2. Karya-Karya Al-Razi
Al-Razi
adalah Filosof yang rajin menulis, penulis unggulan yang meninggalkan karya-ayat
abadinya tentang pengobatan, Kimia, Fisika, filsafat, Matematika, astronomi, dan
etika. Karya ilmiahnya mencakup semua bidang “ kata Max Mayerthof” dan
sumbangannya terhadap ilmua pengetahuan luar biasa, meliputi lebih dari 200 buku,
setengah daripadanya di bidang kedokteran”. Ditengah prakteknya yang bagitu
padat, ia masih mampu membagi waktu untuk menulis beberapa karya monumentalnya[12]. karya-karya ilmiahnya
dapat di wariskan kepada umat islam sekarang. Diantara banyak karya tulis Al-Razi
yang populer adalah :
v
Bidang filsafat :
§ Al-Tibb al-Ruhani
§ Al-Shirat al-Falsafiyyah
§ Amarat Iqbal al-Daulah
§ Al-Ladzdzah
§ Kitab al-ilm al-Ilahi
§ Ar-Rasail Falsafiyyah
§ Makalah fi ma Ba’d dengan
Al-Thabi’iyyah :
§ Al-Shukuk ‘ala Proclus
v
Bidang Kedokteran
§ Al-Hawi ( Ensiklopedi Kedokteran sampai abad ke-XVI di
Eropa,setelah diterjemahkan ke dalam bahasa Latin tahun 1279 dengan judul
Continens );
§ Al-Judar wa al Hashbah ( tentang analisa penyakit cacar dan campak serta
pencegahannya);
§ Al-Mansuri Liber al-Mansoris ( Kedokteran, 10 jilid)
v
Bidang Kimia
§ Al-Asrar ( Bidang kimia, diterjemahkan ke dalam bahasa Latin
oleh Geard Of Cremon)
Inilah diantara buku-buku yang masyhur sebagai buah
karya seorang Al-Razi, baik kapasitasnya sebagai seorang filosof, dokter,
maupun ilmuan di bidang lainnya.
Ibnu Nadim berkata :” Razi satu-satunya orang di
zamannya yang berhasil mengumpulkan ilmu-ilmu para pendahulu, khususnya ilmu
kedokteran. “Para generasinya memberikan kesaksian.” Suatu saat murid-muridnya
sedang duduk di tempat prakteknya. Tiba-tiba datang seorang pasien dan
menceritakan keluhannya, walaupun cukup pelik masalahnya namun murid-muridnya
dibiarkan mencari jawaban atas penyakit yang diderita. Ketika semuanya terdiam
karena ketidaktahuannya, barulah Razi menyampaikan formula bagi penyakit
tersebut.[13]
3.
Pemikiran Filsafat Al-Razi
a. Metafisika
Filsafat Al-Razi di kenal dengan
ajaran “ Lima Kekal “. Yakni :[14]
1.
Al-Bariy Ta’ala (Allah Ta’ala)
2.
Al-Nafs al-Kulliyat (Jiwa
Universal)
3.
Al-Hayula al-Ula (Materi Pertama
)
4.
Al-Makan al-Muthlaq (Ruang
Absolut)
5.
Al-Zaman al-Muthlaq (Masa
Absolut )
Dua dari lima yang kekal itu hidup dan
aktif yakni Tuhan dan roh.

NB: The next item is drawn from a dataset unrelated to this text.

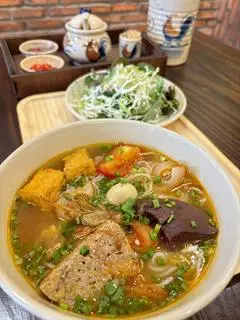 Hình ảnh Bún riêu Buôn Ma Thuột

Satu di antaranya tidak hidup dan pasif, yaitu
materi, dua dan lainya tidak hidup, tidak aktif dan tidak pula pasif yakni
ruang dan masa.[15]
Pemikiran Al-Razi mengenai lima
yang kekal ,kemudian di jadikan dasar dalam menetapkan wujud alam. Artinya alam
itu baru akan terwujud apa bila kelima postulat itu ada, Lima hal tersebut
yaitu :
1.
Al-Bariy Ta’ala (Allah Ta’ala)
Menurut Al-Razi tuhan itu maha bijaksana , Ia tidak
mengenal istilah lupa. Disamping itu , Tuhan adalah pencipta segala sesuatu,
kekuasaanNya tidak ada yang menyamainya, Ia mengetahui segala sesuatu dengan
sempurna. Pengetahuan Tuhan berbeda dengan pengetahuan manusia. Sebab
pengetahuan Tuhan tidak di batasi oleh pengalaman , sedang pengetahuan manusia
di batasi oleh pengalaman. Tuhan tahu tentang sifat jiwa yang cenderung bersatu
dengan benda dan mencari kelezatan material. Setelah jiwa bergabung dengan
tubuh Tuhan kemudian kemudian mengatur hubungan tersebut dengan harmonis. Yaitu
dengan jalan melimpahkan akal ke dalam jiwa. Lantaran memiliki akal, jiwa
menjadi sadar bahwa selama bergandengan dengan tubuh ia tetap akan menderita .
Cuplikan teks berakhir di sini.